---- Data supplied

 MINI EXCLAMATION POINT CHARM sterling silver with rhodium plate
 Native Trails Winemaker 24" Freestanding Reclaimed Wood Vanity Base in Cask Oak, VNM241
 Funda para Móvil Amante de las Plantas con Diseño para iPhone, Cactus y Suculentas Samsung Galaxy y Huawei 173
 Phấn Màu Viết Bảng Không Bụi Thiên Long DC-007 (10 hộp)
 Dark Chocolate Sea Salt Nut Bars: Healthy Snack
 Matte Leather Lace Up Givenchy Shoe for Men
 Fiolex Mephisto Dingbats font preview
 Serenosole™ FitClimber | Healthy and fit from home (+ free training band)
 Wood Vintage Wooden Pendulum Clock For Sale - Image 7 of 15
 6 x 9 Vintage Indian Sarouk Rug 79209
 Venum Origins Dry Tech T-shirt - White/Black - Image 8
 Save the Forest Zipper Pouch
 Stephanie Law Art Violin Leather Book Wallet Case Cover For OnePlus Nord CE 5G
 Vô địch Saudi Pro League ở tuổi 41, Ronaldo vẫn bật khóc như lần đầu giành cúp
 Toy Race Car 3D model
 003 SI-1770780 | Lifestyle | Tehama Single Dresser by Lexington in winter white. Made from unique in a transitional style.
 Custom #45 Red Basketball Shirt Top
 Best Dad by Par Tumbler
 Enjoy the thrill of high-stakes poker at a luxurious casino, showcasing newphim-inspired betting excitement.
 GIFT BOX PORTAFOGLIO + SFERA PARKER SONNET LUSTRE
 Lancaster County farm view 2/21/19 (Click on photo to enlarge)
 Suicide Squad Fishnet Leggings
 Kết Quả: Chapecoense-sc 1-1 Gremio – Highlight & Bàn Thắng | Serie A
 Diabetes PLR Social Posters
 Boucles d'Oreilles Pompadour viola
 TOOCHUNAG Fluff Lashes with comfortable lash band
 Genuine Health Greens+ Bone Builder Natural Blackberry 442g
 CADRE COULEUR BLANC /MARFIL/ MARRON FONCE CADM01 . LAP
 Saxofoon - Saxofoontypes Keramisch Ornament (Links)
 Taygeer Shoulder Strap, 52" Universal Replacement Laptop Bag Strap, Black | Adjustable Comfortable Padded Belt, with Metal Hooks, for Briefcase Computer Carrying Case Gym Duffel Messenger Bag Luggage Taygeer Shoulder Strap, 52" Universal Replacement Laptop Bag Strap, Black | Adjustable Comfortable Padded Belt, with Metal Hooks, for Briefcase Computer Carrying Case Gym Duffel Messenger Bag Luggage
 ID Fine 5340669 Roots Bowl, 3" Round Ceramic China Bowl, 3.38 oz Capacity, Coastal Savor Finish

--------

Word for word, write out each record shown above.

Output below
 MINI EXCLAMATION POINT CHARM sterling silver with rhodium plate
 Native Trails Winemaker 24" Freestanding Reclaimed Wood Vanity Base in Cask Oak, VNM241
 Funda para Móvil Amante de las Plantas con Diseño para iPhone, Cactus y Suculentas Samsung Galaxy y Huawei 173
 Phấn Màu Viết Bảng Không Bụi Thiên Long DC-007 (10 hộp)
 Dark Chocolate Sea Salt Nut Bars: Healthy Snack
 Matte Leather Lace Up Givenchy Shoe for Men
 Fiolex Mephisto Dingbats font preview
 Serenosole™ FitClimber | Healthy and fit from home (+ free training band)
 Wood Vintage Wooden Pendulum Clock For Sale - Image 7 of 15
 6 x 9 Vintage Indian Sarouk Rug 79209
 Venum Origins Dry Tech T-shirt - White/Black - Image 8
 Save the Forest Zipper Pouch
 Stephanie Law Art Violin Leather Book Wallet Case Cover For OnePlus Nord CE 5G
 Vô địch Saudi Pro League ở tuổi 41, Ronaldo vẫn bật khóc như lần đầu giành cúp
 Toy Race Car 3D model
 003 SI-1770780 | Lifestyle | Tehama Single Dresser by Lexington in winter white. Made from unique in a transitional style.
 Custom #45 Red Basketball Shirt Top
 Best Dad by Par Tumbler
 Enjoy the thrill of high-stakes poker at a luxurious casino, showcasing newphim-inspired betting excitement.
 GIFT BOX PORTAFOGLIO + SFERA PARKER SONNET LUSTRE
 Lancaster County farm view 2/21/19 (Click on photo to enlarge)
 Suicide Squad Fishnet Leggings
 Kết Quả: Chapecoense-sc 1-1 Gremio – Highlight & Bàn Thắng | Serie A
 Diabetes PLR Social Posters
 Boucles d'Oreilles Pompadour viola
 TOOCHUNAG Fluff Lashes with comfortable lash band
 Genuine Health Greens+ Bone Builder Natural Blackberry 442g
 CADRE COULEUR BLANC /MARFIL/ MARRON FONCE CADM01 . LAP
 Saxofoon - Saxofoontypes Keramisch Ornament (Links)
 Taygeer Shoulder Strap, 52" Universal Replacement Laptop Bag Strap, Black | Adjustable Comfortable Padded Belt, with Metal Hooks, for Briefcase Computer Carrying Case Gym Duffel Messenger Bag Luggage Taygeer Shoulder Strap, 52" Universal Replacement Laptop Bag Strap, Black | Adjustable Comfortable Padded Belt, with Metal Hooks, for Briefcase Computer Carrying Case Gym Duffel Messenger Bag Luggage
 ID Fine 5340669 Roots Bowl, 3" Round Ceramic China Bowl, 3.38 oz Capacity, Coastal Savor Finish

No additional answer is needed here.